Reflecting on the interview in 2010 he said : " These days I would be much kinder. I suppose we have lost sight of the books in favour of the film versions, haven't we ? I was a young man and I knew I had written about the reality in The Spy Who Came In From The Cold and that the Fleming stuff was a fantasisation of his own experiences written from the safety of New York." (
Citation)
Then again, maybe it's not all fantasisation. Fleming was notoriously heavy drinker, smoker, and womanizer. Or perhaps he was channeling another great spy, whose womanizing, gambling, style, and sheer effrontery made him welcome everywhere, even after it was known he was a Venetian spy. Who else, but Casanova?
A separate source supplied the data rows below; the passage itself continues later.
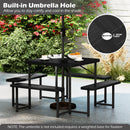 Outdoor Square Picnic Table Bench Set for 4-8 People with Umbrella Hole-Black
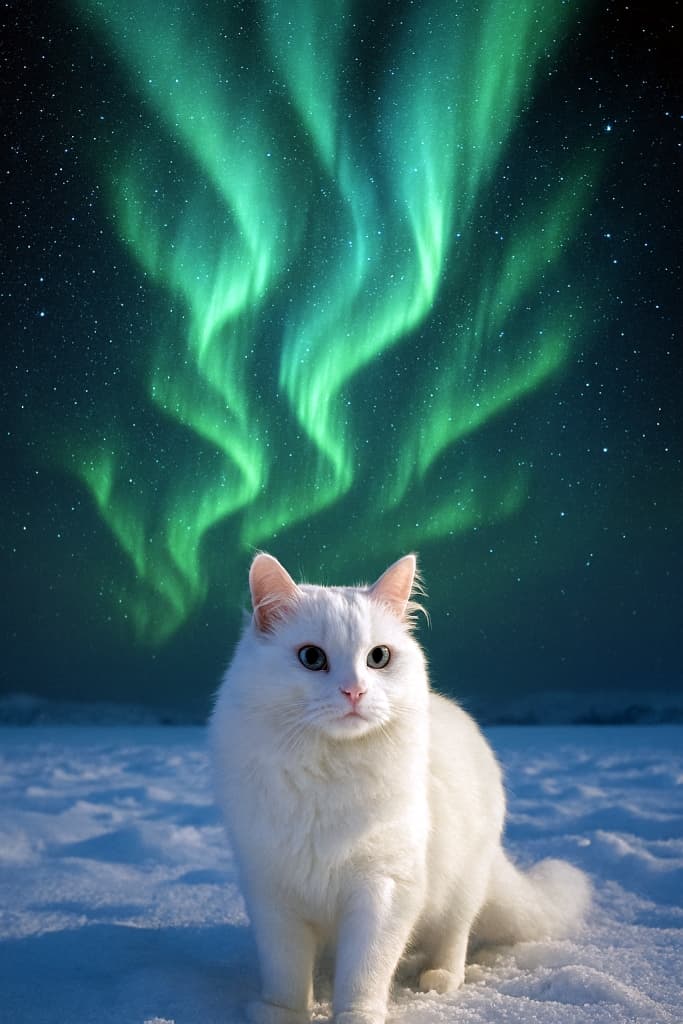 夜空に舞う緑のオーロラと星々の下、雪原に立つ純白のターキッシュアンゴラ猫。幻想的な光に包まれた神秘的な情景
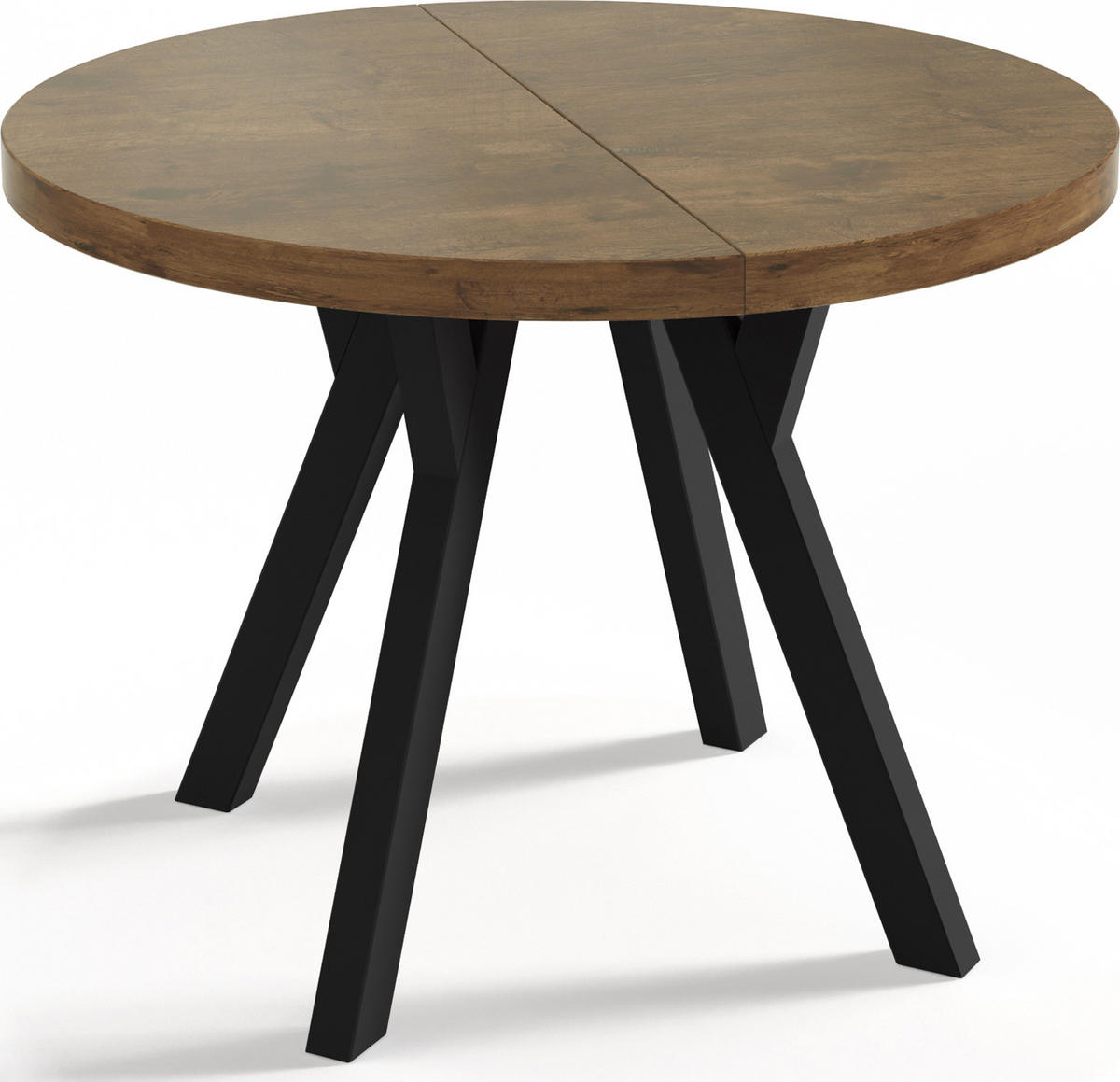 ESSTISCH Twixy runder ausziehbarer, Lefkas Eiche 100-150/100/76 cm - Alteiche/Schwarz, Holz/Holzwerkstoff (100/100/76cm) - WFL GROUP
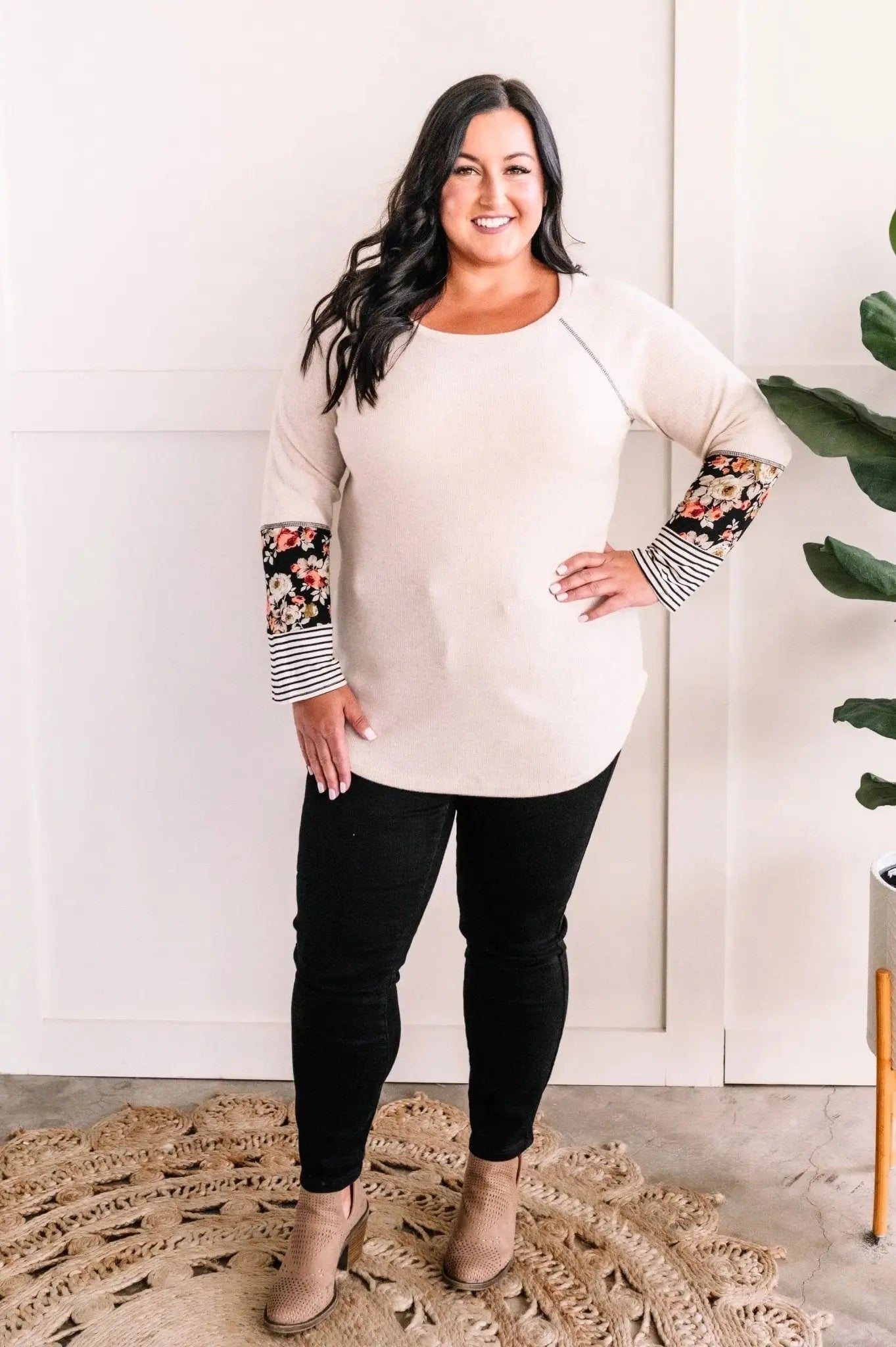 Floral & Stripe Contrasted Long Sleeve Top In Natural - The Magnolia Cottage Boutique
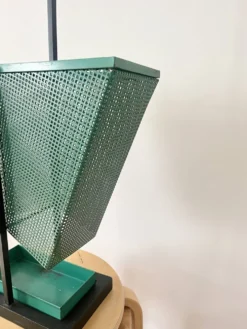 Porte-parapluie en métal vert et noir vintage, style rockabilly, années 1950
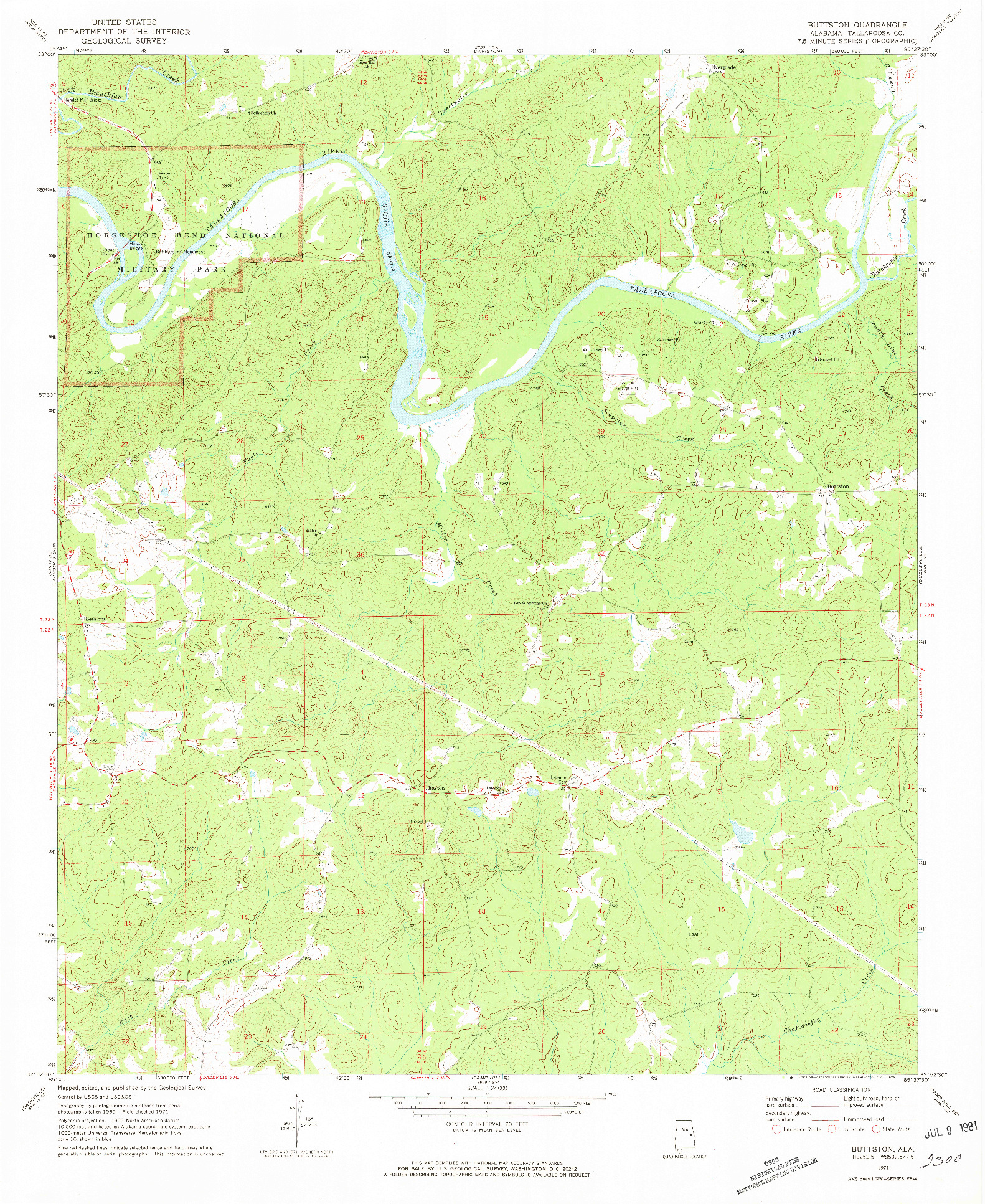 USGS 1:24000-SCALE QUADRANGLE FOR BUTTSTON, AL 1971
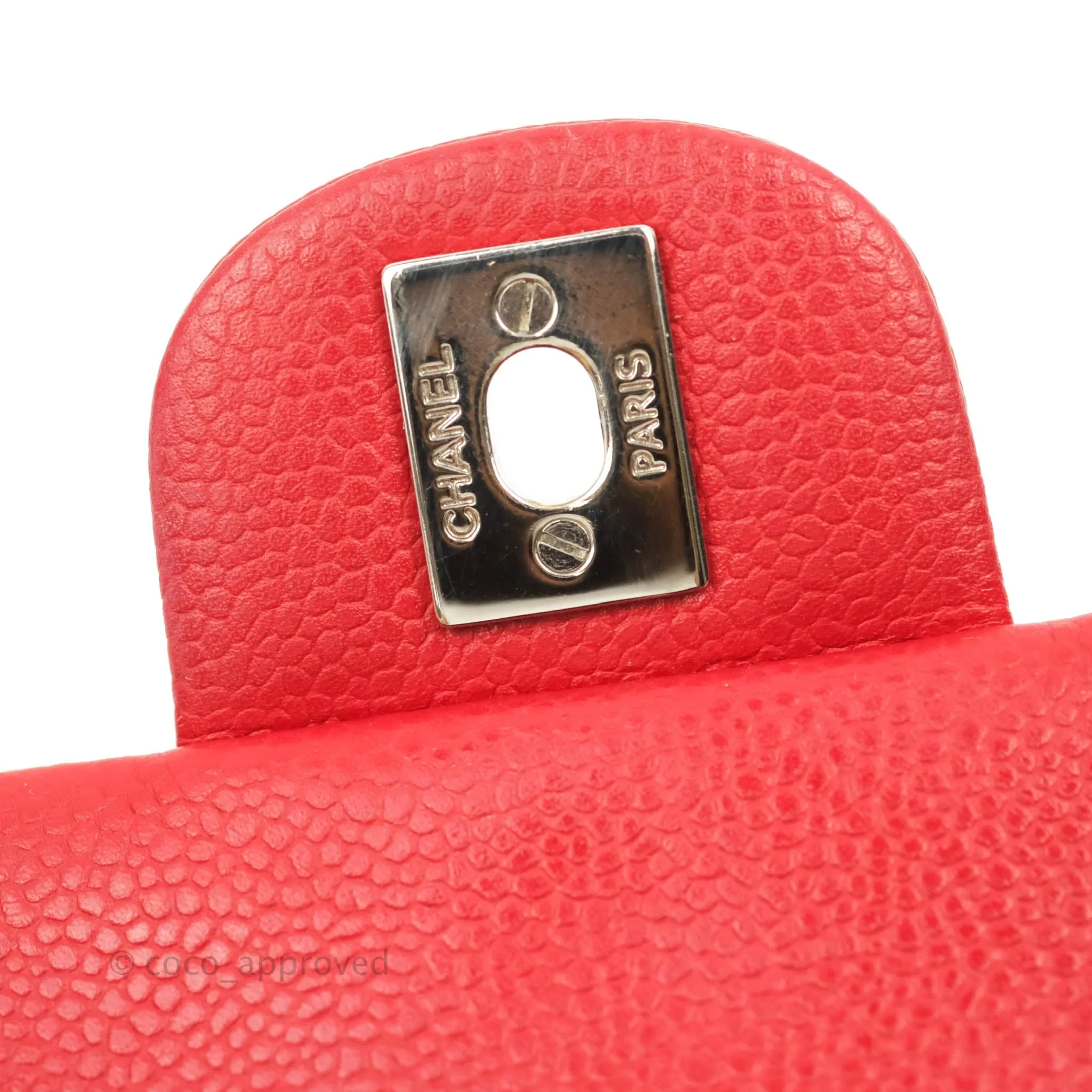 Chanel Quilted Mini Rectangular Flap Red Caviar Silver Hardware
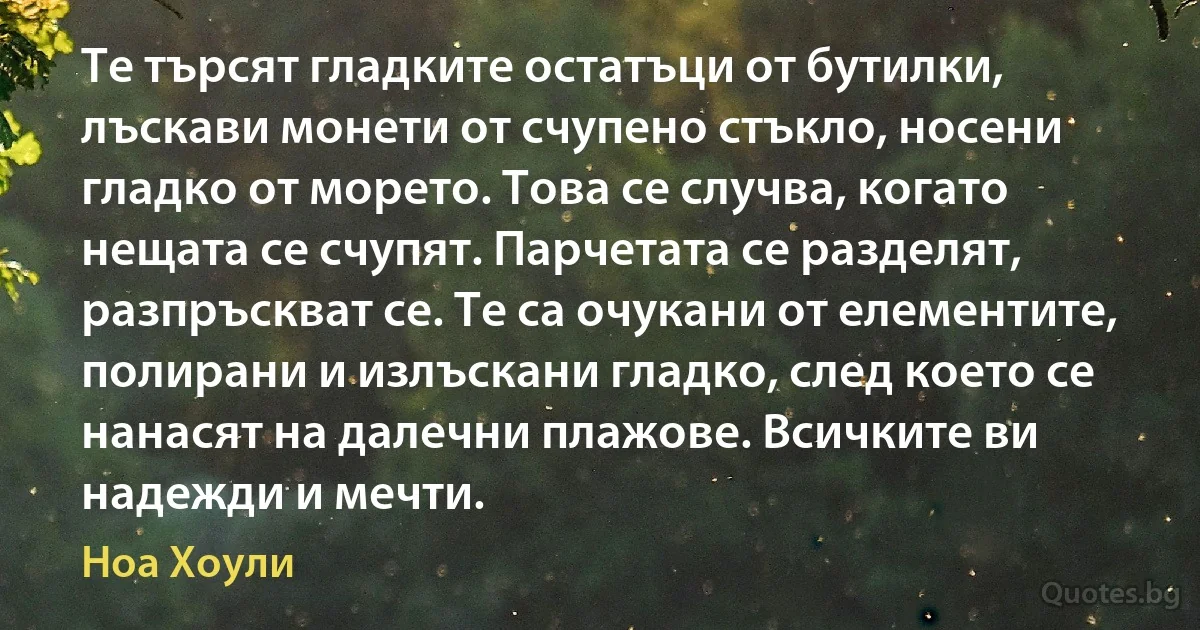 Те търсят гладките остатъци от бутилки, лъскави монети от счупено стъкло, носени гладко от морето. Това се случва, когато нещата се счупят. Парчетата се разделят, разпръскват се. Те са очукани от елементите, полирани и излъскани гладко, след което се нанасят на далечни плажове. Всичките ви надежди и мечти. (Ноа Хоули)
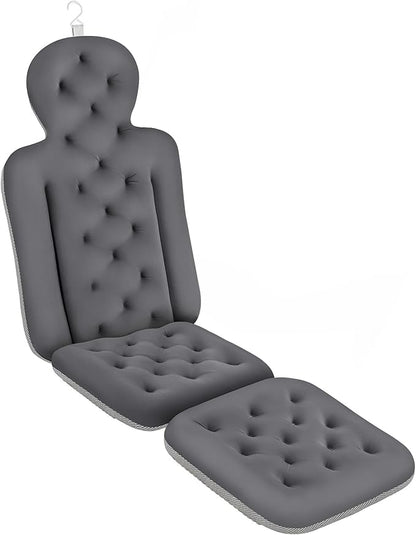 Bath Cushion, Full Body Bathtub Pillow with 160 Suction Cups, Bath Mat for Head and Neck Support, with Laundry Bag (Dark Gray, 56.2" x 16.2")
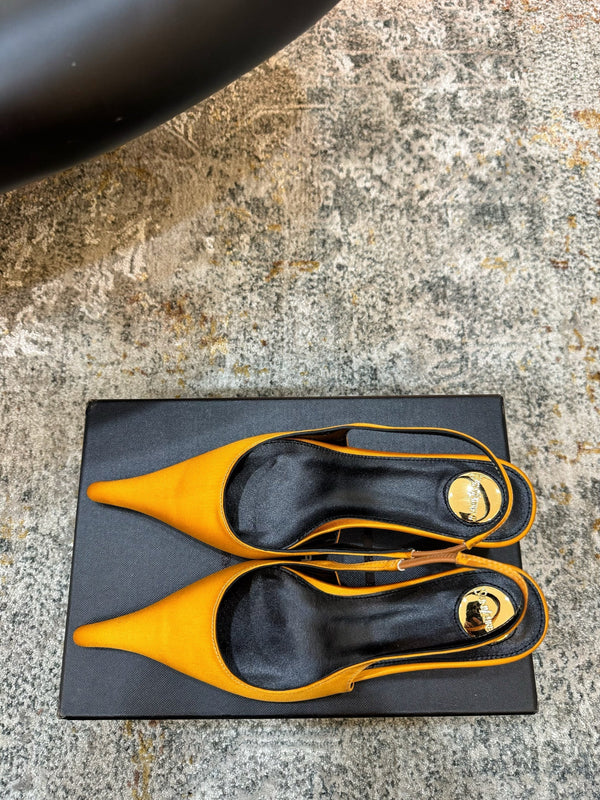 YSL Anne-Marie Slingback 8cm Orange Satin 637213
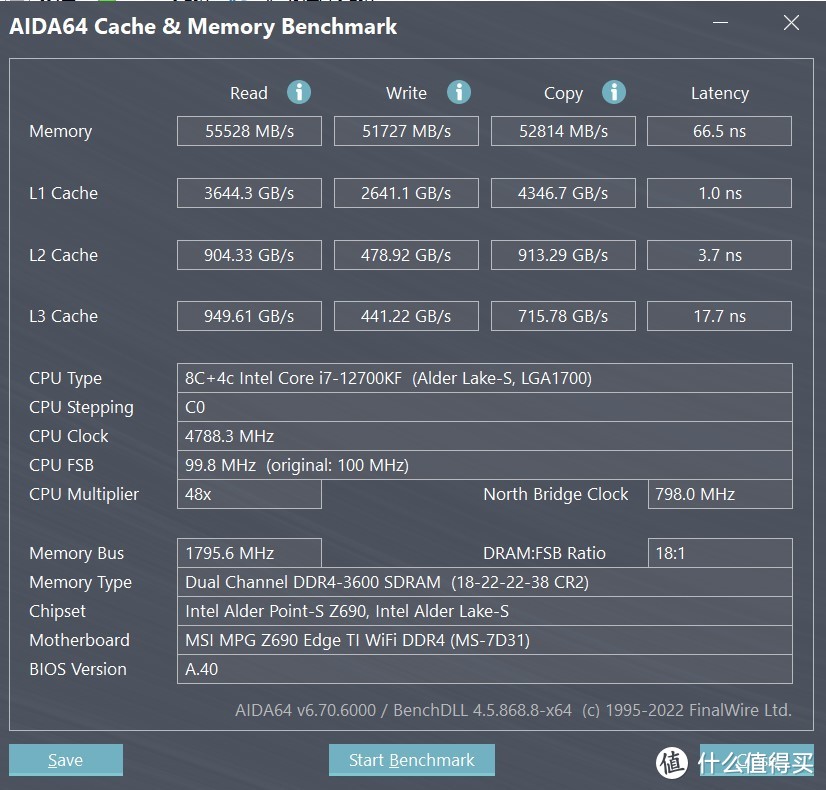 宇瞻NOX暗黑女神白色款内存的默认XMP下 memory Benchmark，读写和拷贝都超过了51GB，延迟66.5ns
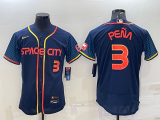 Wholesale Cheap Men's Houston Astros #3 Jeremy Pena Number 2022 Navy Blue City Connect Flex Base Stitched Jersey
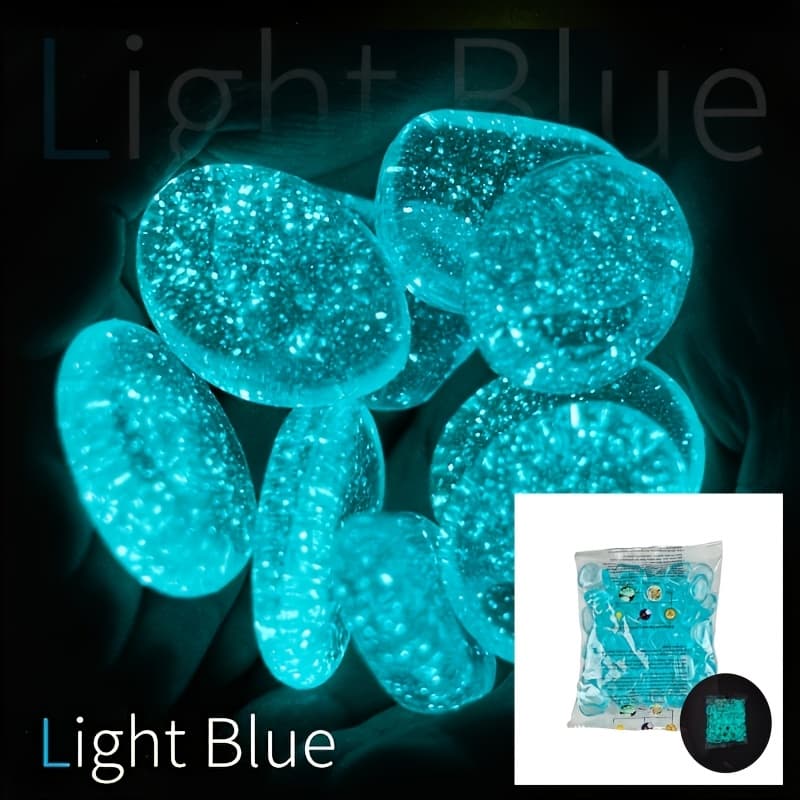 TEMU New 70pcs, Luminous Stones, Each With A Diameter Of 0.866 Inches, Garden -shaped Luminous Decorative Stones, Mini , Halloween, Christmas Potted Artificial Luminous Stones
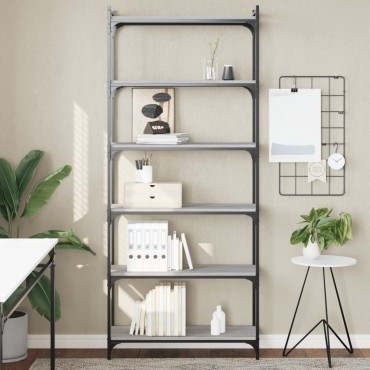 vidaXL Βιβλιοθήκη 6 Επιπέδων Γκρι Sonoma 80x30x188cm Επεξεργ. Ξύλο 1 τεμ.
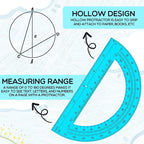 EBOOT Plastic Protractor Math Protractors 180 Degrees, 6 Inch, Pack of 2 (Blue)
It's amazing that, of all the spies, Casanova has the worst movies made about him. With one brilliant exception. If you get a chance, beg, borrow, or steal a copy of
La Nuit de Varennes, where Thomas Paine, Restif de la Bretonne (pornographer, journalist, and philosopher, often called "the Voltaire of the chambermaids"), and Casanova and others all chase down Louis XVI and Marie Antoinette as they desperately try to escape Paris and their coming doom. It is comical, philosophical, sexual, historically accurate, beautiful, horrific, and constantly entertaining. The highlight is Marcello Mastroianni as Casanova in old age - still stylish, still courteous, still gallant, still arrogant... and ruefully, wearily truthful, even to himself.
I'd love to see a movie with James Bond in old age - see if he has the same grace and presence. But then, icons don't change. Fascinating characters do.
Oh, and yes, that's a young Harvey Keitel as Thomas Paine - it's a hard movie to beat. Enjoy!